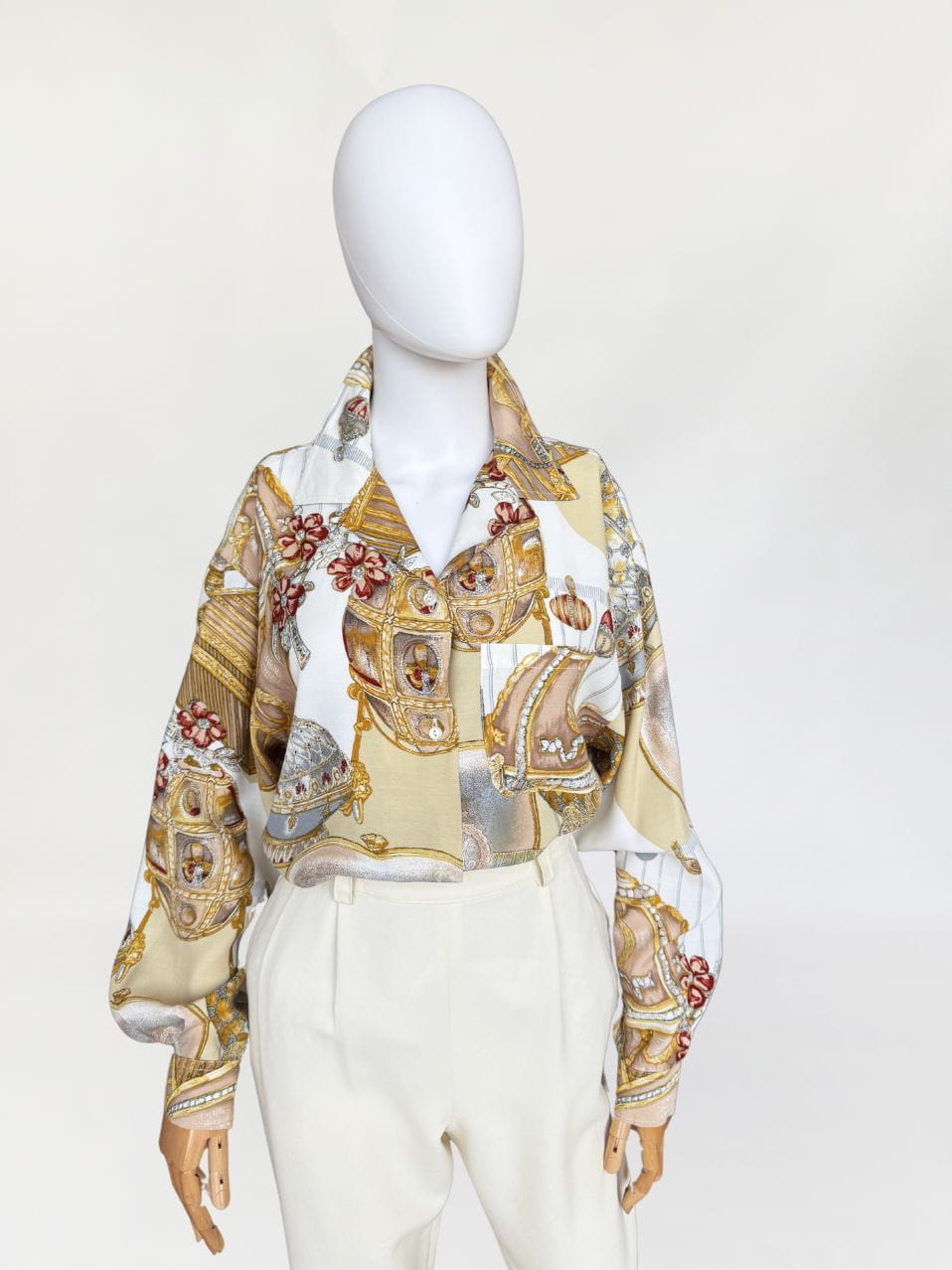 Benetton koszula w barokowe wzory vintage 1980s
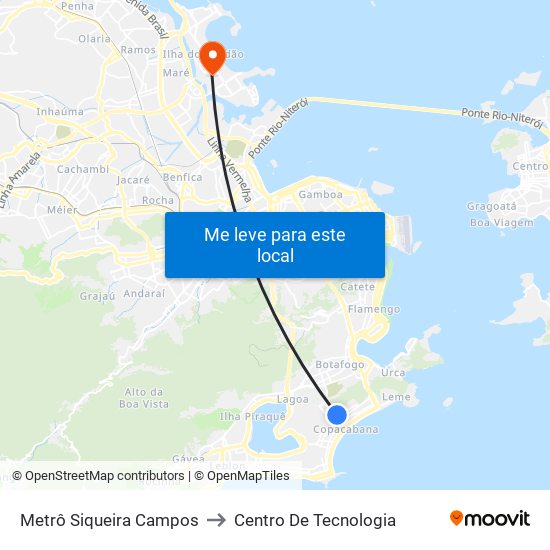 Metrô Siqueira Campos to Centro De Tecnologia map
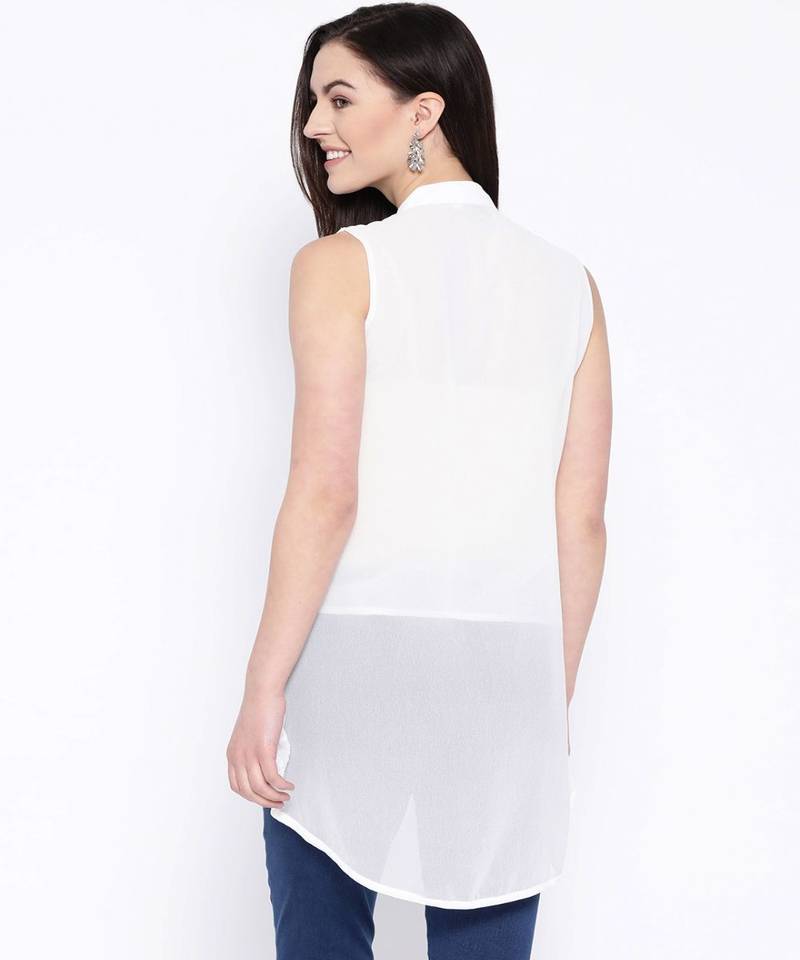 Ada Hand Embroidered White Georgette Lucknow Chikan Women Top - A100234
* * *
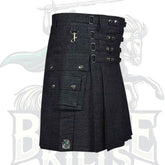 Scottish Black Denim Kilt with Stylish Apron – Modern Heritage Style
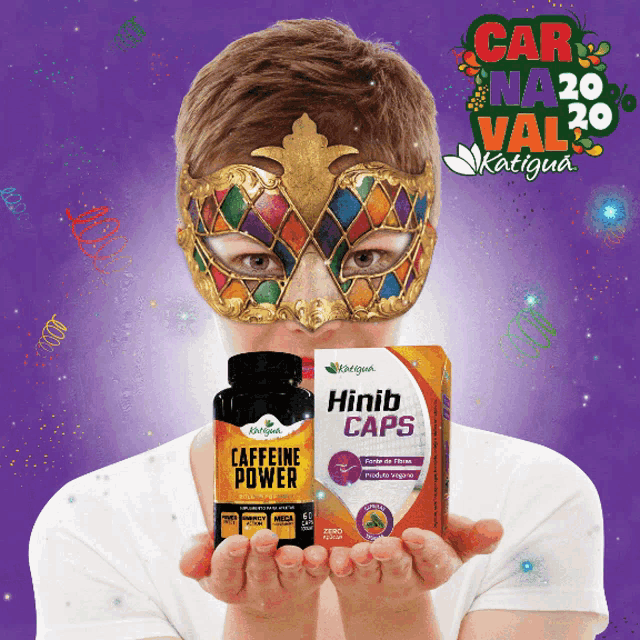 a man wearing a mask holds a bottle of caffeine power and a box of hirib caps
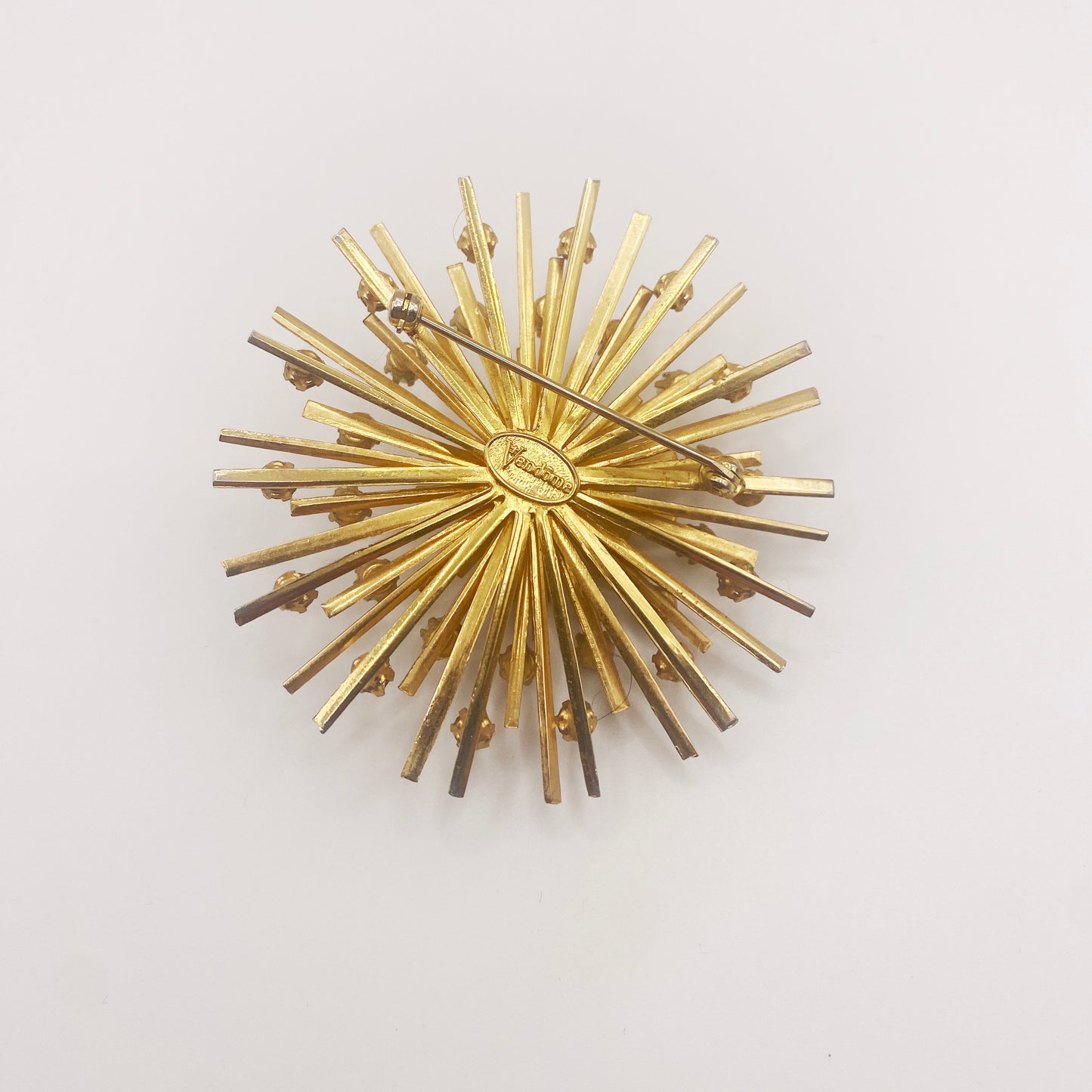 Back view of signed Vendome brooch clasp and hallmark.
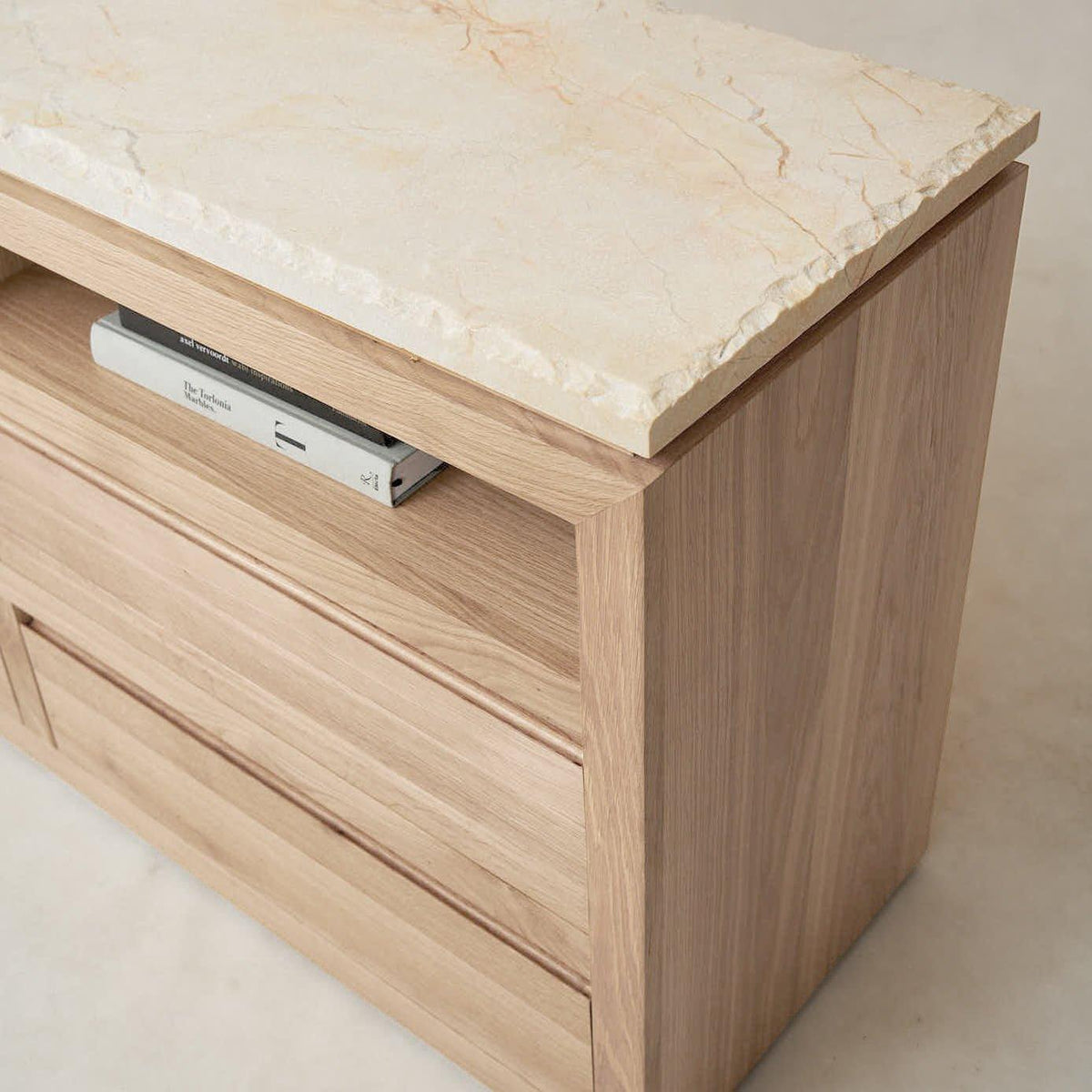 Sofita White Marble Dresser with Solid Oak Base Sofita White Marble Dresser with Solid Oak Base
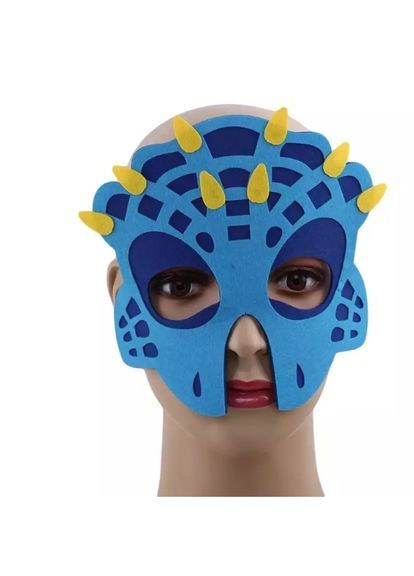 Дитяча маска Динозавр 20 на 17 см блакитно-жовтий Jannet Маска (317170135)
==
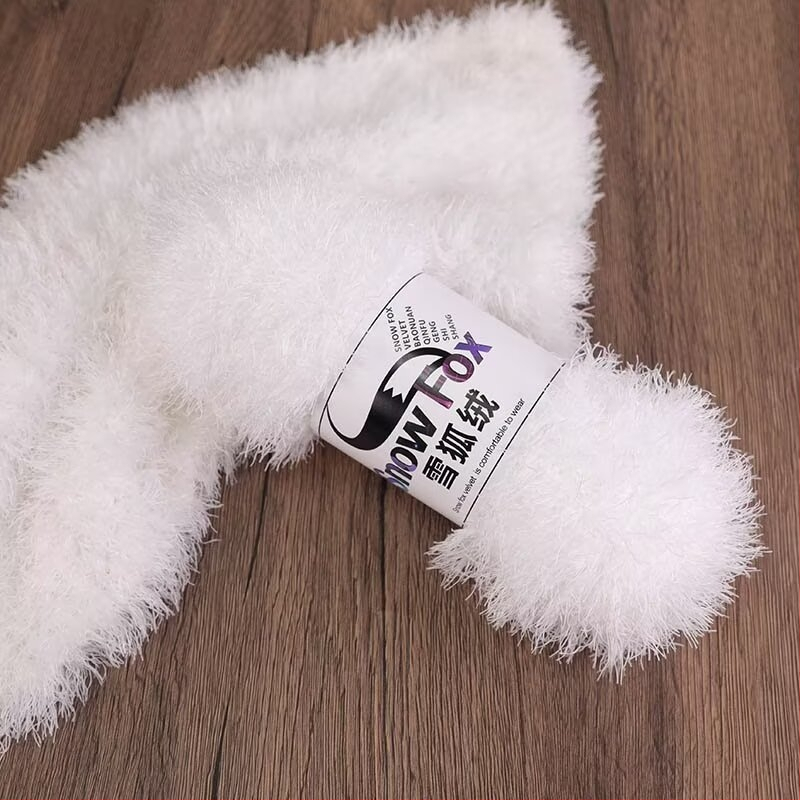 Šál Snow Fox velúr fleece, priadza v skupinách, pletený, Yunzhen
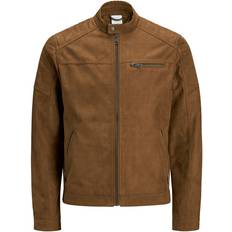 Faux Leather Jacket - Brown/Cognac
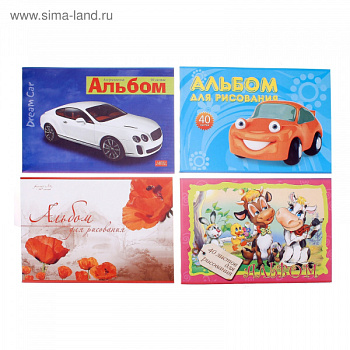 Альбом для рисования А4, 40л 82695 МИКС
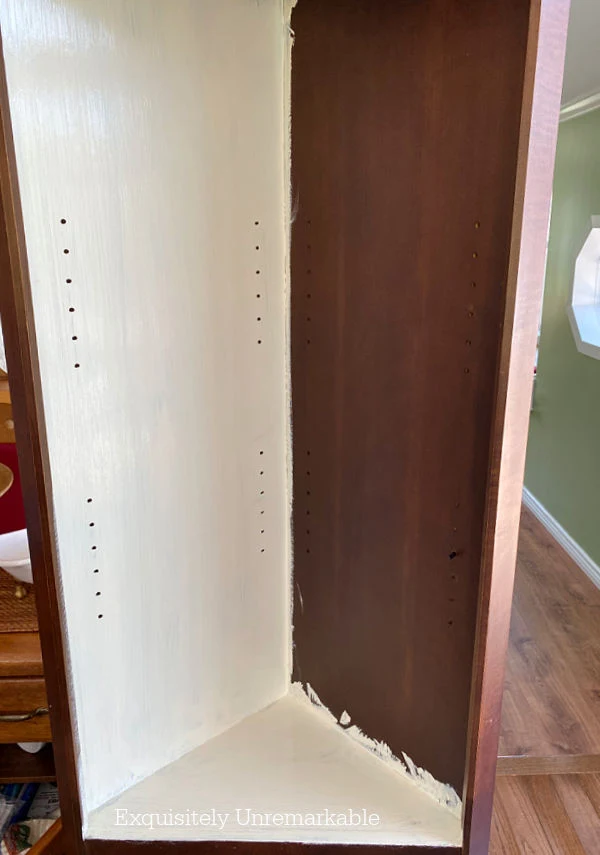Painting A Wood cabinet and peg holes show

TASK GOAL: In the listing above, find the line containing "Šál Snow Fox" and the line containing "Painting A Wood cabinet and peg holes show", then output those two lines and everything between them exactly as written, without the images.

COMPLETED TASK:
 Šál Snow Fox velúr fleece, priadza v skupinách, pletený, Yunzhen
 Faux Leather Jacket - Brown/Cognac
 Альбом для рисования А4, 40л 82695 МИКС
Painting A Wood cabinet and peg holes show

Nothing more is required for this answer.